I ricercatori sottolineano che «Le persone raramente leggono ricerche scientifiche sui cambiamenti climatici sottoposte a peer-reviewed ed è più probabile che ne vengano a conoscenza attraverso i media. Pertanto, studi come questo sono fondamentali per comprendere come vengono seguite le ricerche scientifiche e le politiche in corso nella sfera pubblica. Ci sono anche altre pressioni concorrenti che modellano la nostra consapevolezza del cambiamento climatico, come le conversazioni con familiari e amici, l’intrattenimento e leader di cui ci si fida».

I risultati dello studio suggeriscono che l’analisi dei media deve andare oltre la nozione di falso equilibrio. La McAllister fa notare che «La maggior parte dei principali mezzi della stampa potrebbe riferire accuratamente i cambiamenti climatici, ma sorgono nuove domande, come ad esempio il modo in cui vengono discusse le soluzioni. Quali idee stanno avendo più testo o copertura in prima pagina e perché? Inoltre, i ricercatori dovrebbero esaminare i tipi di copertura nei Paesi che affrontano gli impatti più estremi del nostro cambiamento climatico».

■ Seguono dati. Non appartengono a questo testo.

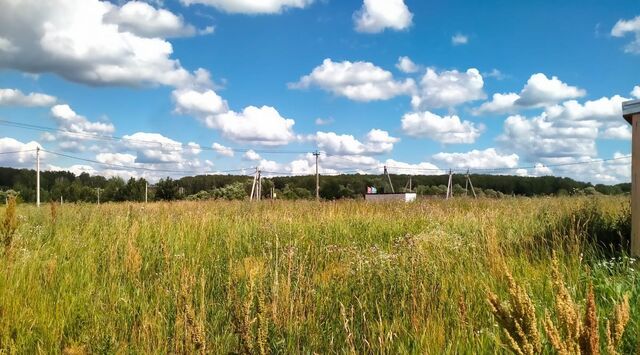 Растуновский административный округ, Васнецово кп фото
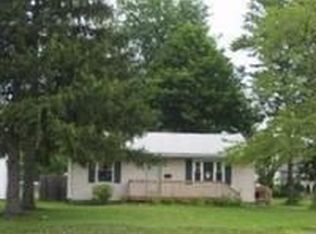 1944 Parkman Rd NW, Warren, OH 44485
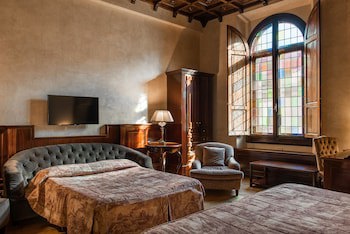 Grand Hotel Baglioni galeri fotoğrafı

Per la Daly, oltre a esaminare la rappresentazione del cambiamento climatico in televisione e sui social media, i ricercatori dovrebbero prestare attenzione a nuove e più sottili forme di negazionismo: «Dato che  è diventato più difficile negare l’esistenza del cambiamento climatico – poiché sempre più persone osservano direttamente gli impatti del cambiamento climatico nella loro vita quotidiana – invece, stanno emergendo nuove strategie per ritardare un’azione climatica significativa. Quindi, per i ricercatori sarà importante esaminare i modi più subdoli con i quali gli oppositori dell’azione climatica stanno lavorando per minare gli sforzi per affrontare le cause e le conseguenze del cambiamento climatico».

Boykoff conclude: «Raggiungere una copertura mediatica costantemente accurata non è ancora la soluzione proiettile d’argento per innescare un’azione collettiva. Il nostro lavoro aiuta a fornire approfondimenti su come i media stanno descrivendo i contributi umani al cambiamento climatico, ma questo deve essere fatto in modo più chiaro».